-- Provided data follows --

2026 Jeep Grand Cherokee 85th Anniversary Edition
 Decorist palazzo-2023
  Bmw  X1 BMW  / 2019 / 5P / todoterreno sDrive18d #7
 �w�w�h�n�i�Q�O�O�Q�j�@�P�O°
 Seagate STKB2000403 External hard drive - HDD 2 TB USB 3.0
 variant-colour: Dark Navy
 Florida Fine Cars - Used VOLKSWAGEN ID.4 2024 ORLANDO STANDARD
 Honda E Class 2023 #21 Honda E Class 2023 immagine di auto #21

-- Provided data concluded --

- Your task
Repeat the line that contains "Decorist palazzo-2023", then every line after it until the records end, with nothing added.

- Result below
 Decorist palazzo-2023
  Bmw  X1 BMW  / 2019 / 5P / todoterreno sDrive18d #7
 �w�w�h�n�i�Q�O�O�Q�j�@�P�O°
 Seagate STKB2000403 External hard drive - HDD 2 TB USB 3.0
 variant-colour: Dark Navy
 Florida Fine Cars - Used VOLKSWAGEN ID.4 2024 ORLANDO STANDARD
 Honda E Class 2023 #21 Honda E Class 2023 immagine di auto #21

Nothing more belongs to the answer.